They sealed the pipe when it was together. I certainly don`t like todays piping altho it is easier to install.I used a soda pop can and it on flyash line about 100 feet off ground in mid air.You shoulda heard the uproar from mgnt when they seen it. Couldn`t shut plant down so I done best thing.Worked for about 6 months.
I don`t know about other areas but here in ohio,the price of septic systems installed jumped from around $7500 to $35,000 in about 7 years.I know as I put one in 5 yrs ago.I had my permit for about a year when the health dept. friend called me and told me about the raise the first of the year. He said git it in and I did.

Have a great Wednesday,isn`t this life great or what.cheers,Everett


----------



## Gansett (Apr 8, 2011)

EB Green, is a green cloth backed tape that EB, Electric Boat, used. I'd bet half of our nuke subs have something on board held together with EB Green. If you knew someone who worked there and got you a roll or two you were like a God, men bowed before you, women wanted your babies. Yeah, that stuff was that good.:appl:


----------



## norgale (Apr 4, 2011)

gunrunnerjohn said:


> $700 installed? I just replaced two heat pumps a couple of years ago, $15,000 installed! You're getting off easy for $700!


Your right about that John but when your unemployed and broke $700 can be all the money in the world. When you live in a little 35 foot RV fifth wheel this AC is all you need. It will freeze you out in the middle of the night if you have it set too low. However it wouldn't make a dent in the temp of a full sized house. Only 15,000 btu and the unit sets on the roof and blows through ducts in the ceiling. Good unit but they only last so long like everything else. I just don't need the expense right now. Pete


----------



## gunrunnerjohn (Nov 10, 2010)

Gosh, I'm unemployed, since I'm retired.  I guess I can't claim being broke, and I'm thankful for that!

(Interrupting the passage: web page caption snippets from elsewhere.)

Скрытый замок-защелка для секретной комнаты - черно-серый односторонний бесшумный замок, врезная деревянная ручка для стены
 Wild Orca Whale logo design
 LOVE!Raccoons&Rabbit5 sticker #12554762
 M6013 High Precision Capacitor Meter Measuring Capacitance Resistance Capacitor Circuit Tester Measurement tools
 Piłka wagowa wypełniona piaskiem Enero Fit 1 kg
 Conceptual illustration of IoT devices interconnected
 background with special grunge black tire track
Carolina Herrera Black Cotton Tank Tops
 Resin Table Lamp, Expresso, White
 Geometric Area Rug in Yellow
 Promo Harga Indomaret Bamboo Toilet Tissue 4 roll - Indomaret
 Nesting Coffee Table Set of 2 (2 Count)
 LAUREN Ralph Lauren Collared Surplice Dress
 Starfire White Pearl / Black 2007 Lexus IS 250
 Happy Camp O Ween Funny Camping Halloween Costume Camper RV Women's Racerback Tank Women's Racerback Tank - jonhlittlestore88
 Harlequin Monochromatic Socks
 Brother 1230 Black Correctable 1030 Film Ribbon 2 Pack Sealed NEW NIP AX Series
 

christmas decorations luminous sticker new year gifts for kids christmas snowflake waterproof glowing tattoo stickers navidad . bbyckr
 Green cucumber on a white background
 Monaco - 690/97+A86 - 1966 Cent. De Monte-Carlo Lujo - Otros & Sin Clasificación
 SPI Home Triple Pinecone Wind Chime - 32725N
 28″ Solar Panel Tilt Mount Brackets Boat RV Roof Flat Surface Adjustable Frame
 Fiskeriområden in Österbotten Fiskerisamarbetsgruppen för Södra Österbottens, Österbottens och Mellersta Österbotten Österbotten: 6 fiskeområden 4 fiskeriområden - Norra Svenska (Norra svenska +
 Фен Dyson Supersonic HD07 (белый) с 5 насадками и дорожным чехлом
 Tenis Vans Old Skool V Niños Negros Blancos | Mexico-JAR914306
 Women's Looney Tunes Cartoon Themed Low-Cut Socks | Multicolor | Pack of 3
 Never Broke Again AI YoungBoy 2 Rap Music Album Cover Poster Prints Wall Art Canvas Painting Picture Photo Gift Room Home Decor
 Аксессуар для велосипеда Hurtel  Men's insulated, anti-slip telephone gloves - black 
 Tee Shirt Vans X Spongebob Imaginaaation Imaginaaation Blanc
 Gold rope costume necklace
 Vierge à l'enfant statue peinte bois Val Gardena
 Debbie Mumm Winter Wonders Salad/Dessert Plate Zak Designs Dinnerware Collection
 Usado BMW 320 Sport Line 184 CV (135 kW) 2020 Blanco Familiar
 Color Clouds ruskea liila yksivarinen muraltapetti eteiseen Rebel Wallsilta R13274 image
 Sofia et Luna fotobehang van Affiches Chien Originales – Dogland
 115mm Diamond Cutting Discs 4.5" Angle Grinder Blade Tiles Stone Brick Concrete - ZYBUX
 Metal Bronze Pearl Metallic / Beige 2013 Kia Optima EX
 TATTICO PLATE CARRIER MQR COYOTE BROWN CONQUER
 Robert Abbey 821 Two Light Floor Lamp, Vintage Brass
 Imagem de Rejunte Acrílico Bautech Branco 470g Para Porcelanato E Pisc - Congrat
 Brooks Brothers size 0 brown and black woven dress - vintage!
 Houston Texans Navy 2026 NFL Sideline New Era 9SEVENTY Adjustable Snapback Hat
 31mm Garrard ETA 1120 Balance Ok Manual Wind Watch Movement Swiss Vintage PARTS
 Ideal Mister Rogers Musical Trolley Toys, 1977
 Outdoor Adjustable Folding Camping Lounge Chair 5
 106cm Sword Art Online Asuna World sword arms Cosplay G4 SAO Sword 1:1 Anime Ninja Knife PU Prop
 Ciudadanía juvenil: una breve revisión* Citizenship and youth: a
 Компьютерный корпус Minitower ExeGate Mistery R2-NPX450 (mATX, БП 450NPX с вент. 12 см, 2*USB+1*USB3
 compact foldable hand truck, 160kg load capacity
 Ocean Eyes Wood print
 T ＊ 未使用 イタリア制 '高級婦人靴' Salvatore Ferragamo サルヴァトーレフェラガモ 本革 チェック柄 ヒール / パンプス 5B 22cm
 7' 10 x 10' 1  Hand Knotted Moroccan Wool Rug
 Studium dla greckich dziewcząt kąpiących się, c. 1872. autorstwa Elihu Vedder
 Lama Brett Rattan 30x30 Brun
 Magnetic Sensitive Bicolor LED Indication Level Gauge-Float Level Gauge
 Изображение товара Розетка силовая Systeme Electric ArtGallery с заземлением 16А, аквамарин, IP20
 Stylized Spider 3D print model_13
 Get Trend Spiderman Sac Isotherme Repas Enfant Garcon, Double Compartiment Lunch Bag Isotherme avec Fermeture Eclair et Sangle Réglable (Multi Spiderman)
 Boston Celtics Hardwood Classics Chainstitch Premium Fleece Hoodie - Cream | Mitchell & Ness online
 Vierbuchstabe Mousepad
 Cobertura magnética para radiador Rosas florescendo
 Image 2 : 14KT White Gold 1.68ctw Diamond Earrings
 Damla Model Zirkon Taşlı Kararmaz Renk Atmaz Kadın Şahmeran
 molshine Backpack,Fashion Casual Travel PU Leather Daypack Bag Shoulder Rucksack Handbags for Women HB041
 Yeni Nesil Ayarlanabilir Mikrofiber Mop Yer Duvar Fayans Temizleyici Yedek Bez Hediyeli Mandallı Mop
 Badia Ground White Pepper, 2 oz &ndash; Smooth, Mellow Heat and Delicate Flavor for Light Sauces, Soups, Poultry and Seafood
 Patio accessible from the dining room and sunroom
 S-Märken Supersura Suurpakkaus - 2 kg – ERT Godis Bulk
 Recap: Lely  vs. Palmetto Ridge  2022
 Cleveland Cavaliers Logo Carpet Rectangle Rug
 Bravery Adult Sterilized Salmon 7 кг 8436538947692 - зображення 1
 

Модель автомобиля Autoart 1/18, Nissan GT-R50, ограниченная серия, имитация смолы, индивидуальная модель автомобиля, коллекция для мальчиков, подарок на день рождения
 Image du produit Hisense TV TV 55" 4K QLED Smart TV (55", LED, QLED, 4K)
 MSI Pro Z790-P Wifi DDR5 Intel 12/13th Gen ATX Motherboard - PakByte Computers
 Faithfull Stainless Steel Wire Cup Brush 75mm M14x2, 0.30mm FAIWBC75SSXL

My house has three heat pumps for a total of 120,000 BTU in cooling capacity. You're right, 15,000 BTU would not do a lot for the place.


----------



## Gansett (Apr 8, 2011)

Pete, I know all about the Fla heat and humidity having lived there but a 15,000 btu a/c will cool a 900 sq foot room according to the a/c calculator. Your place is roughly a third of that 900 sq feet, must be like a meat locker when cranked up!


----------



## norgale (Apr 4, 2011)

Your right about that Jack. It's raining out and the sun is down so now it gets to 68 with no trouble. This I love. Pete


----------



## sanepilot (Mar 11, 2012)

*nother fix*

Hi,all.. Got a gooder one this time.I worked at a generating plant. We had 5 units generating electric.Each unit had 2 large tanks for separating flyash from the air stream before putting it out side.Well,friday afternoon I had a tank out and didn`t get it done. Saturday morning We started for the job site[Had a women helper] and was called into the operating room. The unit operater showed me a warning light for his other tank and got in my face wanting the tank I was working on.We was going toe to toe about it when I turned to my helper and told her to go out one door,walk completely around the control room and get a drink of water. After counting to one hundred,to come back in and shake her head.I got right as close as I could to the operater and with my right hand reached over to the panel and unscrewed the cover of the light and gave the bulb a few twists out and screwed the cover back on. She came in and I looked at the operater and told him to shut up and operate.I pointed to the light and he settled down.He said how did you do that. I told him she did it.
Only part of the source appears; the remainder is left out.